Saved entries

------------------------

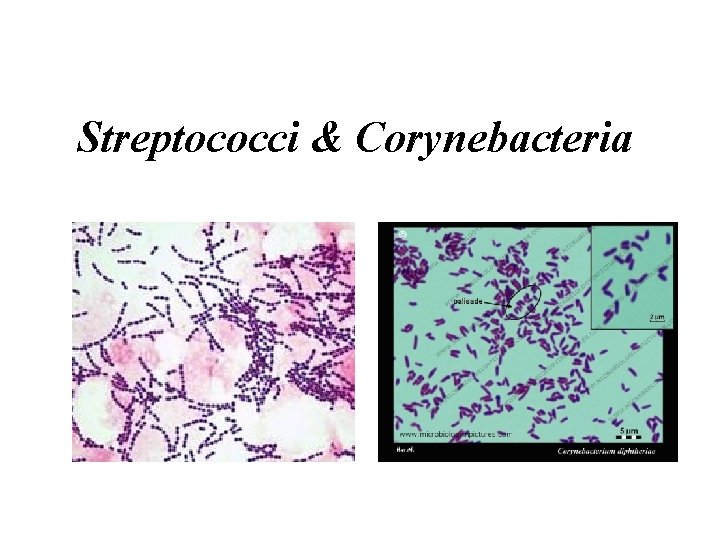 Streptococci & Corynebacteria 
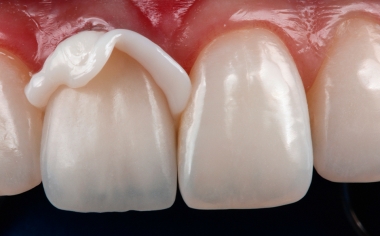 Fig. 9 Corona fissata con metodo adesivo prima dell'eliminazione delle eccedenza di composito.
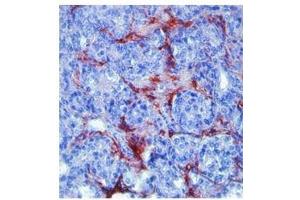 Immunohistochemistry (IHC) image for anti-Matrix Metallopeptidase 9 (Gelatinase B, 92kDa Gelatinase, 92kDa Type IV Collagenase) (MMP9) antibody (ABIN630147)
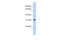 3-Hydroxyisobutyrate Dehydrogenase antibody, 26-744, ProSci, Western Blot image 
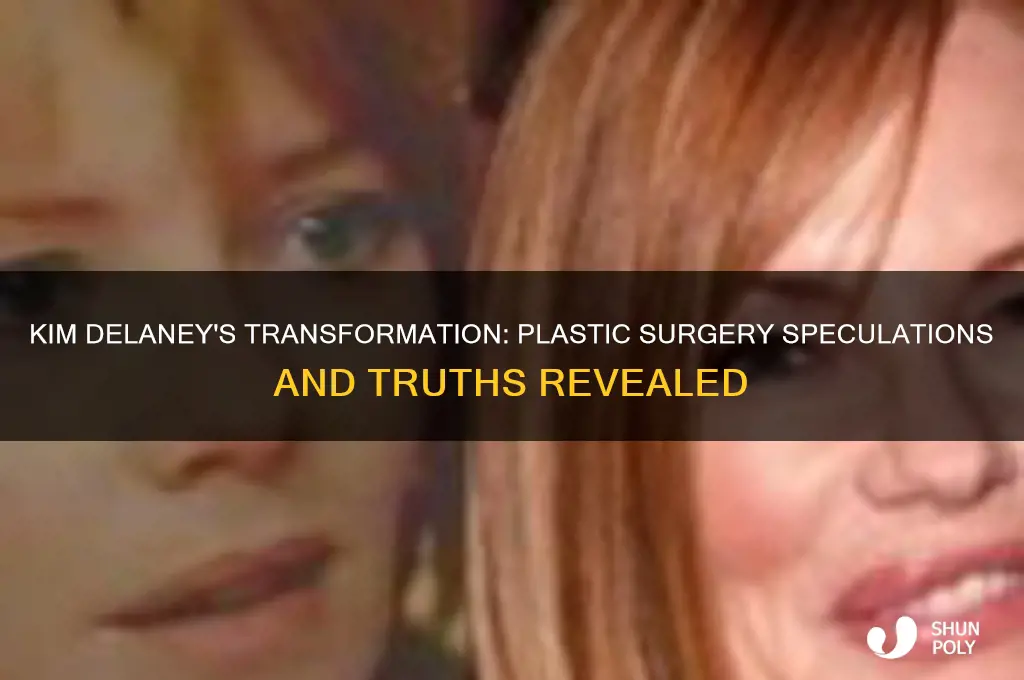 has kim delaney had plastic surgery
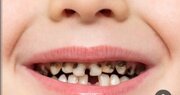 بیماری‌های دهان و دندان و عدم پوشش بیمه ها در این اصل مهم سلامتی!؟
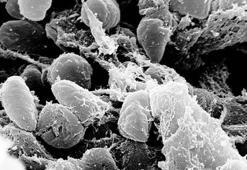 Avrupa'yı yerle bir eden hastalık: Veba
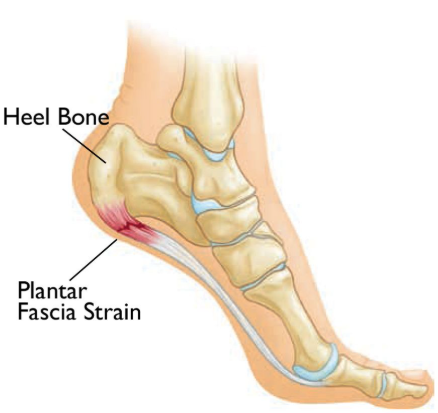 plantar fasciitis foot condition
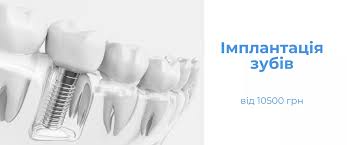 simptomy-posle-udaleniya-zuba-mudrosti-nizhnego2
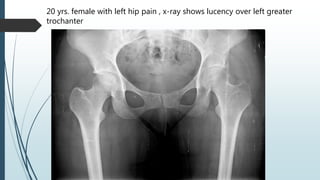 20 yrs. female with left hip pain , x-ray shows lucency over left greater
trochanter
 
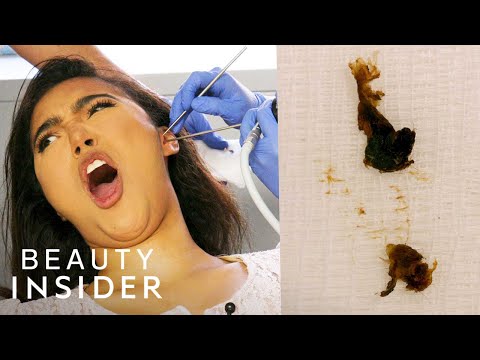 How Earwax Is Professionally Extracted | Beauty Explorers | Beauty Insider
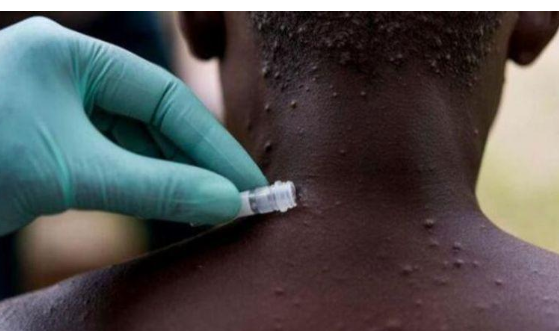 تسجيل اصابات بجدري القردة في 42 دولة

------------------------

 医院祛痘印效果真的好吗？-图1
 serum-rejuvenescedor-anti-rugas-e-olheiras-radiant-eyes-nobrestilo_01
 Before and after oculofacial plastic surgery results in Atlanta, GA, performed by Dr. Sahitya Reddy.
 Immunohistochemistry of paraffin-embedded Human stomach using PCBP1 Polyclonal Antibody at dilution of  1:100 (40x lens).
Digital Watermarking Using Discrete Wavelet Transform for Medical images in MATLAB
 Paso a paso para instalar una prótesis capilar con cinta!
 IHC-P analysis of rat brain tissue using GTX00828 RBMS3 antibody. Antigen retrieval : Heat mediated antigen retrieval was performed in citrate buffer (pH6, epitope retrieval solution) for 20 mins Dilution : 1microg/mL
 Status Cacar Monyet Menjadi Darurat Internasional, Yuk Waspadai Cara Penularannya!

------------------------

* [TASK REQUIREMENTS]: What's needed is an exact copy of the lines above from the one with "Streptococci & Corynebacteria" through the one with "تسجيل اصابات بجدري القردة في 42 دولة", both included; the pictures stay out.

* [ANSWER AREA]:
 Streptococci & Corynebacteria 
 Fig. 9 Corona fissata con metodo adesivo prima dell'eliminazione delle eccedenza di composito.
 Immunohistochemistry (IHC) image for anti-Matrix Metallopeptidase 9 (Gelatinase B, 92kDa Gelatinase, 92kDa Type IV Collagenase) (MMP9) antibody (ABIN630147)
 3-Hydroxyisobutyrate Dehydrogenase antibody, 26-744, ProSci, Western Blot image 
 has kim delaney had plastic surgery
 بیماری‌های دهان و دندان و عدم پوشش بیمه ها در این اصل مهم سلامتی!؟
 Avrupa'yı yerle bir eden hastalık: Veba
 plantar fasciitis foot condition
 simptomy-posle-udaleniya-zuba-mudrosti-nizhnego2
 20 yrs. female with left hip pain , x-ray shows lucency over left greater
trochanter
 
 How Earwax Is Professionally Extracted | Beauty Explorers | Beauty Insider
 تسجيل اصابات بجدري القردة في 42 دولة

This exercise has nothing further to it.